Members of the newly formed Construction Industry Safety Coalition also asked OSHA to push back all other dates in the rulemaking process – including the public hearing – to correspond with the requested deadline extension.
"The current timeframe for submitting written comments is insufficient, and a denial of our request will substantially impede ABC's ability to receive and process member feedback," Associated Builders and Contractors said in a letter to Michaels and other federal lawmakers. "This is of particular concern, given that the current comment period is already compressed by the Thanksgiving holiday."
On Aug. 23, OSHA unveiled a proposed rule that would cut the permissible exposure limit in general industry, construction and shipyards to 50 micrograms of respirable crystalline silica per cubic meter of air.
The proposal was published in the Sept. 12 Federal Register, and comments are due Dec. 11.
In their letters, the construction trade groups asserted that "the underlying economic- and technological-feasibility analyses related to the proposed rule are so voluminous that simply reviewing the material alone will take the vast majority of the initial 90-day comment period," Associated Builders and Contractors noted in a news release.

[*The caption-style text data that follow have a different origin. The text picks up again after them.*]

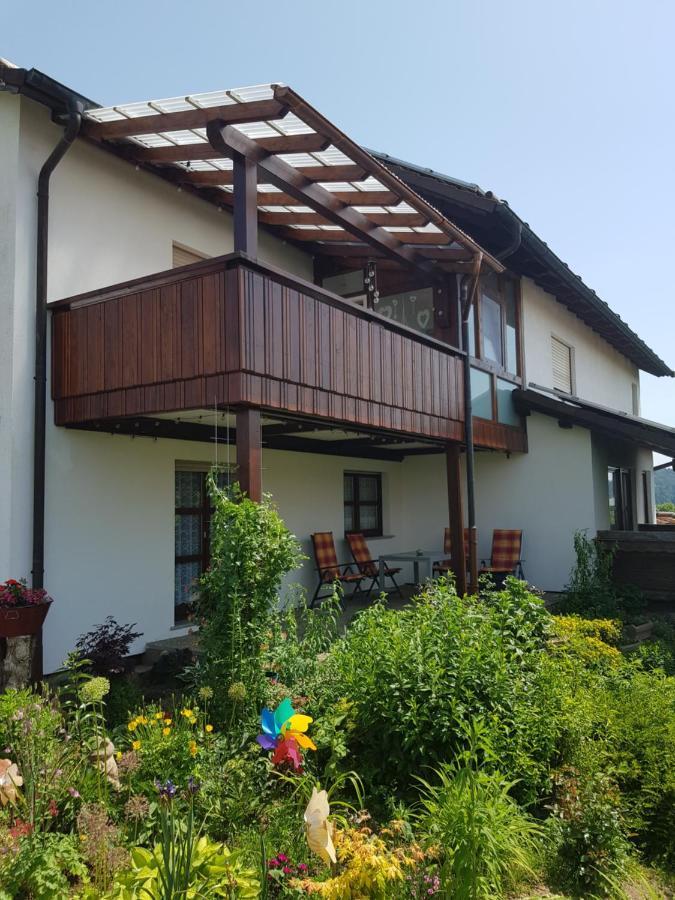 Isoldes Ferienparadies Heiligkreuzsteinach Dış mekan fotoğraf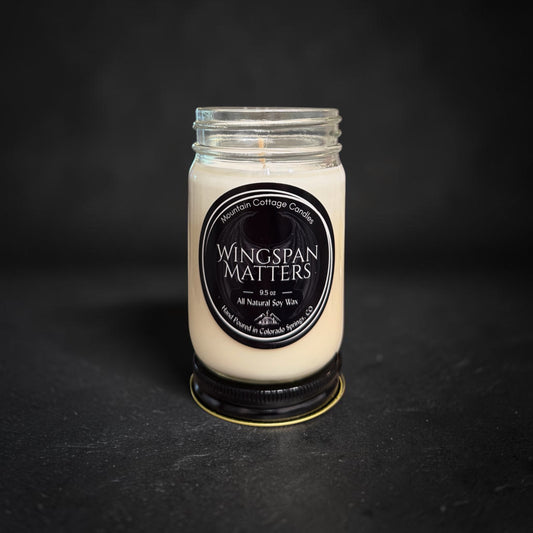 Wingspan Matters Candle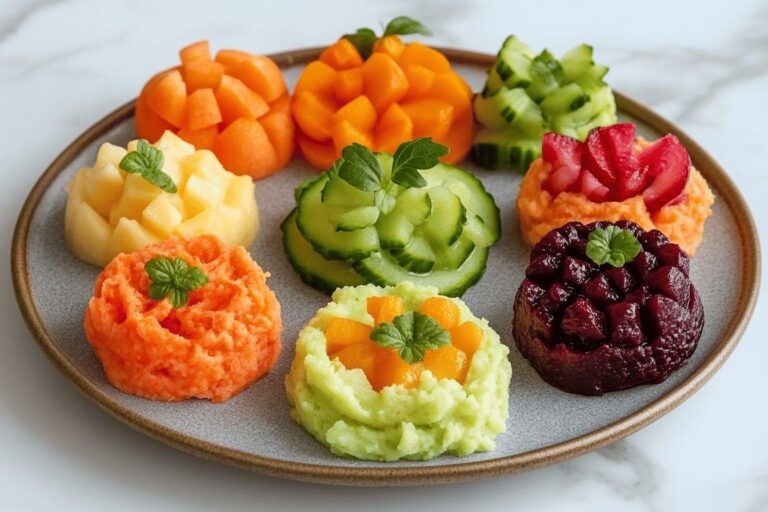 Quels repas délicieux et sains préparer pour un bébé de 7 mois le soir ?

"The letters argued that OSHA simply has not provided sufficient time for stakeholders to generate data that may be useful for the agency in analyzing the need for and the effects of the proposed rulemaking."
Associated Builders and Contractors asked OSHA to schedule separate hearings for construction and general industry "in order to elicit the most relevant feedback and facilitate the best discussions."
In addition to Associated Builders and Contractors, the coalition includes the Mechanical Contractors Association of America, the National Association of Home Builders, the International Council of Employers of Bricklayers and Allied Craftworkers, the National Roofing Contractors Association and other trade groups.
OSHA estimates that 2.2 million workers – most of them in construction – are exposed to silica dust on the job.
The agency says its proposed rule would save nearly 700 lives and prevent 1,600 new cases of silicosis per year.